I bet that it is not from General Motors. They can call it a GM plan legally even if they are not part of General Motors. GM in this case might be an acronym for Grab Money.


----------



## TacoMEDIC (Mar 10, 2012)

I am pretty sure I got scammed on this. They built it into my loan stating that, "GM Financial wants the added security of knowing that your vehicle will be covered for the life of your loan". I told them I didn't want it and they said that GM wouldn't approve the loan without it. I did talk them down on the price of the plan and had them throw in a few things to make me feel a little better about it, but I was/am a little heated about it.


----------



## NickD (Dec 10, 2011)

Just hope my Cruze is a good as my still owned 2004 Cavalier. In reviewing all the receipts of what I have done to it in the last 8 years and 98,000 miles on it. The only part that may have been covered under this warranty is the heater mode control cable that broke. Our small town NAPA store had one in stock that told me its a common problem, was 13 bucks and took me about twenty minutes to change it. With this plan, would have been an argument and a hundred buck deductible charge. Or put another way, wouldn't have been covered.

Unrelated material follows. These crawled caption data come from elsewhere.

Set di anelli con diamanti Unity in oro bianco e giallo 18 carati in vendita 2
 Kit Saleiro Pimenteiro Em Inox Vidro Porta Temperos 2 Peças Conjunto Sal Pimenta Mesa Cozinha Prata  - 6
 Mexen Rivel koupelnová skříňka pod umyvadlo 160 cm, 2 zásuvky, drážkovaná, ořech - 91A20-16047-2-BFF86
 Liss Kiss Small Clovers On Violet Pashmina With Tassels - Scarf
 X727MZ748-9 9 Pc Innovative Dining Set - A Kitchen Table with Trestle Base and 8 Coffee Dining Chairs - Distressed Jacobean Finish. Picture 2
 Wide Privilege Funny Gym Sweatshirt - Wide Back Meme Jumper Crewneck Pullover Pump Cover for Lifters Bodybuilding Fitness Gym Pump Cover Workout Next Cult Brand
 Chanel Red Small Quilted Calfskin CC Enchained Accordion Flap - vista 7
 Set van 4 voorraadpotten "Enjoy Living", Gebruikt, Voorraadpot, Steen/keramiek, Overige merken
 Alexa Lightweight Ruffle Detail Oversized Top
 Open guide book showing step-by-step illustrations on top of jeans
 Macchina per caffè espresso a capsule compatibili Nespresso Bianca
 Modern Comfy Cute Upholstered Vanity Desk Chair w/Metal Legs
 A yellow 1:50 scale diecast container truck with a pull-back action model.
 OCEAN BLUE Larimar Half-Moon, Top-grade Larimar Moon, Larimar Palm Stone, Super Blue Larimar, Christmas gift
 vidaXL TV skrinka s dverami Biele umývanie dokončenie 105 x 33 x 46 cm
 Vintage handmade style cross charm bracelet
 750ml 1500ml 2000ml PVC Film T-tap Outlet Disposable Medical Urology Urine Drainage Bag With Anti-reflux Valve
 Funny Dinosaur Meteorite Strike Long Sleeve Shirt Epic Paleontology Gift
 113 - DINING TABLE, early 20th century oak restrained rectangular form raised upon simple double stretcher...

Was also told by close friends that were selling cars, new or used, would pocket 50% of the cost of the plan, doesn't leave very much money for that insurance company.


----------



## OnlyTaurus (Mar 20, 2012)

NickD said:


> First thing that caught my eye, each occurrence is a hundred dollar deductible. Does this mean if a buck lamp fails that I can change in two seconds, I would have to pay a hundred bucks?


Is that a serious question?...lol. It means that if anything major were to ever break on your car that is covered, $100 is the maximum you will pay for the repair. So, no.. you wouldnt pay a hundred for a bulb repair, but you would be paying for it.


----------



## newcruzer17 (Feb 8, 2012)

NickD said:


> Think I will leave my $1,519.20 in the bank.


Smart man! I have always figured, and so far it has worked out this way for me, that they know their product will last the 100k miles, baring exceptional circumstances. Put the $1500 in the bank. Even at 0% interest like we have now, you will be $1500 ahead at 100k miles.


----------



## Mick (Dec 31, 2011)

Plus I heard you can pick up a warranty almost anytime. Think I'm canceling mine this weekend.


----------



## Coolnate32 (May 15, 2011)

You can buy it before bumper to bumper ends, but remember that the warranty is negotiable. I got the 5 year, 100k bumper to bumper on my '11 Corolla for $750, and the Chevy dealer offered me the 4 year, 100,000 mile $0 deductible for less then $800 on my Cruze. 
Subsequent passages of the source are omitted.